_AIM OF THE EXERCISE:_ I'd like every entry returned exactly as it is, with the images left out.

#### INFORMATION PROVIDED ####

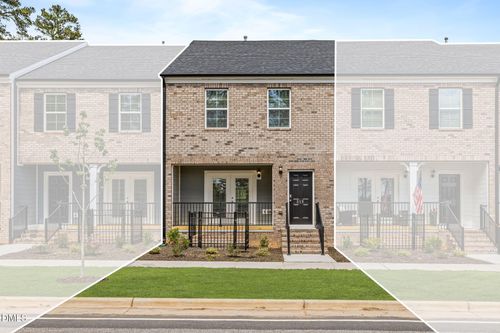 519 Forestville Rd, Wake Forest, NC, 27587-2388 | Card Image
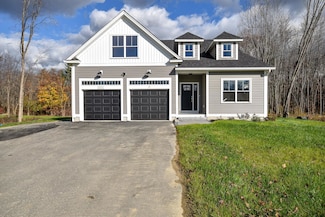 75 Signature Dr Unit Lot 24, Barrington, NH 03825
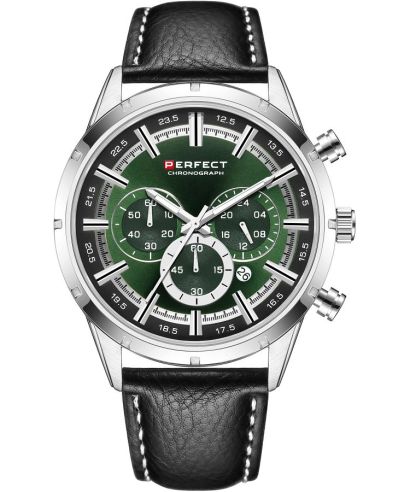 Zegarek męski Perfect Classic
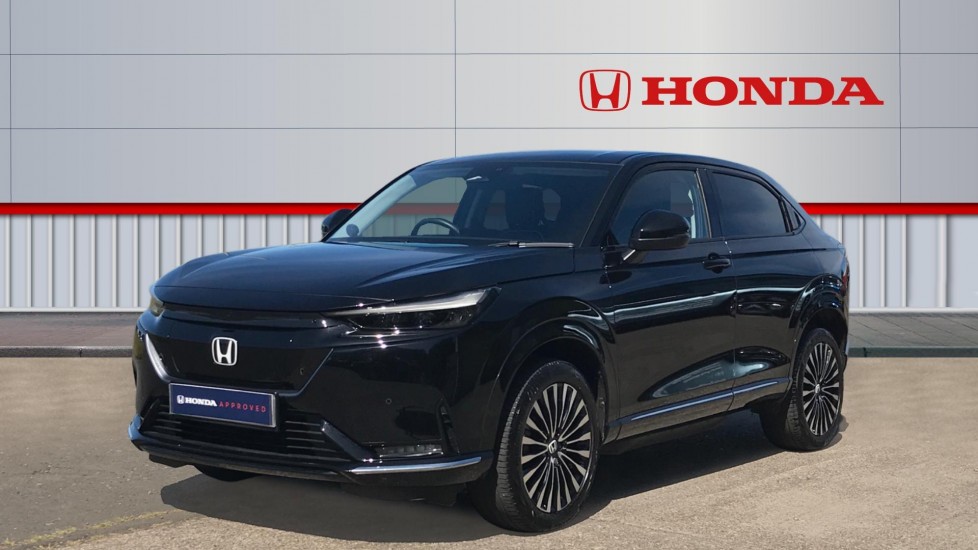 Honda E Ny1 150kW Elegance 69kWh 5dr Auto Electric Hatchback - Image 10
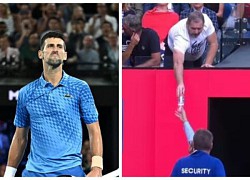 Giải mã "chai nước thần" và "bí kíp" giúp Djokovic vô địch Australian Open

####

_OUTPUT:_
 519 Forestville Rd, Wake Forest, NC, 27587-2388 | Card Image
 75 Signature Dr Unit Lot 24, Barrington, NH 03825
 Zegarek męski Perfect Classic
 Honda E Ny1 150kW Elegance 69kWh 5dr Auto Electric Hatchback - Image 10
 Giải mã "chai nước thần" và "bí kíp" giúp Djokovic vô địch Australian Open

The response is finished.